For medieval and early modern Christians, the problem of the lie was the problem of human existence itself. To ask "Is it ever acceptable to lie?" was to ask how we, as sinners, should live in a fallen world. As it turns out, the answer to that question depended on who did the asking. The Devil Wins uncovers the complicated history of lying from the early days of the Catholic Church to the Enlightenment, revealing the diversity of attitudes about lying by considering the question from the perspectives of five representative voices—the Devil, God, theologians, courtiers, and women. Examining works by Augustine, Bonaventure, Martin Luther, Madeleine de Scudéry, Jean-Jacques Rousseau, and a host of others, Dallas G. Denery II shows how the lie, long thought to be the source of worldly corruption, eventually became the very basis of social cohesion and peace.
PUBLISHERS WEEKLY
Denery (Seeing and Being Seen in the Later Medieval World), an associate professor of history at Bowdoin College, takes a thoughtful, if academic, stroll through the complicated and pervasive art of lying: "With one notable exception, it is not a history of specific lies, of who said what to whom, but a history of responses to a very fundamental, if straightforward, question: Is it ever acceptable to lie?" He looks back at a number of historical, theological, and philosophical arguments to trace the evolution of responses and cultural shifts.
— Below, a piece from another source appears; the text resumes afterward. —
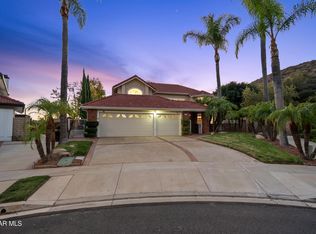 5206 Seneca Pl, Simi Valley, CA 93063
Denery studies the attempts to interpret the Devil's actions in the Garden of Eden, the debate over whether God can lie, and finally, when it's acceptable for mere mortals to bend the truth. "This is a book about the problem of lying as it appeared to people from the fourth until the eighteenth centuries," he notes, as well as "how the problem of lying became our problem." Though it's a fascinating topic, this is a deep piece written for scholars and academics: complicated, dense, and slow. It has much to offer those who can penetrate Denery's style, as he writes from a true expert's position, but casual readers may have issues.